To comply with such obligations, providers of these platforms will need to maintain repositories of known Public Domain and openly licensed works that can be used as allow-lists. In the white paper published today, we argue that, instead of building their own private repositories, service providers should work together to build a shared public repository of Public Domain and openly licensed works. Such a shared public repository would provide value both to the platform providers themselves and to the public. The public would benefit from having access to a growing repertoire of verified Public Domain and openly licensed works, while platform providers would have access to an industry-standard resource that allows them to fulfil their obligations under Article 17 and reduce their liability arising from wrongful removals of uploads containing Public Domain and openly licensed works.
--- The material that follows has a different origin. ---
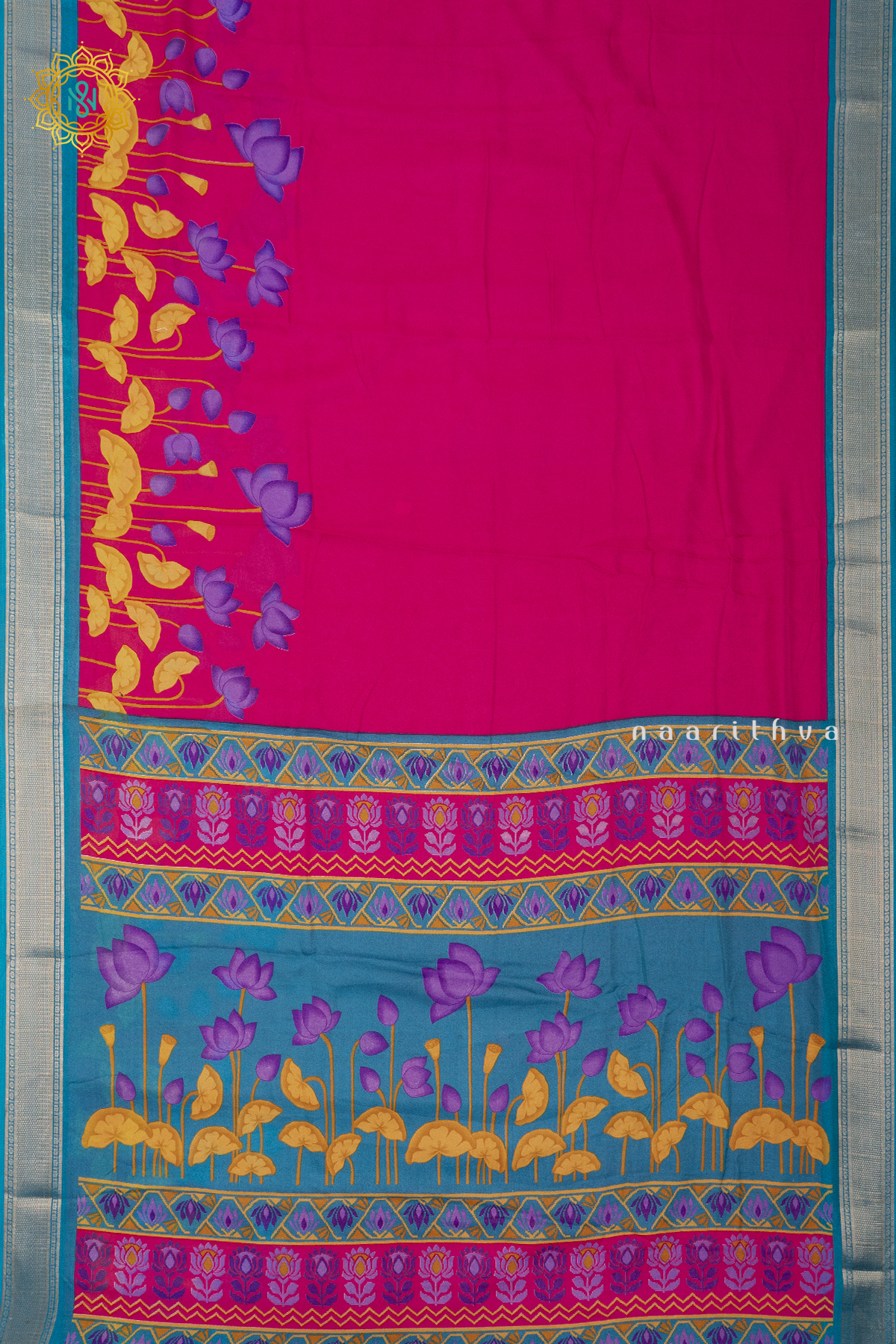 PINK WITH SKY BLUE - SEMI GEORGETTE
The white paper will be presented today during the “Protecting Open Licenses in the EU Copyright Reform” session at the Creative Commons global summit. At this stage we are looking for general comments and critical feedback from the CC community on the proposal. What could be potential uses of this database for the CC community that we haven’t thought of? What technical features should the database have to be useful? Where could the database find an institutional home? What are potential unintended consequences or risks of our proposal?
Based on the white paper we will also start a conversation with online content sharing platforms, the EU Commission and civil society to explore the feasibility of our proposal.